Булат Окуджава | страница 48



В разоблачительной горячке восьмидесятых большевистские руководители представлялись сплошь тиранами, волюнтаристами, строителями пресловутой «административно-командной системы»; все тогдашние стимулы вроде соревнования развенчивались, рапорты об успехах индустриализации объявлялись пропагандой, а сама индустриализация представала в виде непрерывного насилия над страной, ее людьми и ландшафтами; между тем то, о чем писал Авдеенко, было, как был и фантастический энтузиазм, описанный Катаевым и Эренбургом, и стремительный рост промышленных гигантов, и азарт соревнования, и чувство собственной гордой причастности к величайшему индустриальному перевороту в человеческой истории. Окуджава был неоспоримо прав, утверждая в письмах к Илье Марьясину, что его отец точно так же разоблачал троцкистов, как разоблачали впоследствии его самого; но мало кто на его месте вел бы себя иначе. Героизм Шалвы Окуджавы был хотя бы в том, что он по крайней мере не оговорил себя – и до последнего отводил обвинения от других.

4

Булат Окуджава родился поздним вечером 9 мая в Москве, в роддоме на Большой Молчановке, 5. Сейчас этого роддома № 7, знаменитейшего в Москве, уже нет, но здание его уцелело – это дом 2 по Новоарбатскому (в прошлом Калининскому) проспекту. Роддом, основанный в 1907 году московским купцом Сергеем Лепехиным, был назван в честь прославленного московского акушера Григория Грауэрмана. На творческих вечерах, в особенности московских, Окуджава любил упоминать, что родился «у Грауэрмана» – для жителей московского центра это служило паролем; иногда кажется, что там родились решительно все старые москвичи, хотя в лепехинском роддоме и было всего шестьдесят три койки. По случаю рождения сына соседи Каневские подарили Ашхен матерчатый букетик.

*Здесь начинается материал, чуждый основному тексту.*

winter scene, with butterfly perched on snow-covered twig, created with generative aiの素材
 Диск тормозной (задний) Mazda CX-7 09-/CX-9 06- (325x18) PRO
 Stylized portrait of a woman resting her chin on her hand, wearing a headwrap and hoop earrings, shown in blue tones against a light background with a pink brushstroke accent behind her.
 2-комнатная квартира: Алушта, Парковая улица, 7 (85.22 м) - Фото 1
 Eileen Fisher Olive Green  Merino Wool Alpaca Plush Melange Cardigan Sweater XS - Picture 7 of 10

Окуджава рассказывал, что родители долго думали над именем: у подруги Изы брали книги, с восхищением читали что ни попадя, вместе пришли в восторг от «Портрета Дориана Грея» и решили назвать сына в честь британского красавца. Первый месяц жизни Окуджава прожил под именем Дориан (если бы родилась девочка, ее в честь грузинской бабушки с отцовской стороны назвали бы Елизаветой). Мария Налбандян, приехавшая в Москву, чтобы помочь дочери в первые недели после родов, называла внука Дариком. Только через месяц, когда пришло время регистрировать ребенка, Шалва признался, что в имени «Дориан» ему стала слышаться претензия – и предложил скромное, но достойное имя Булат. Жена одобрила.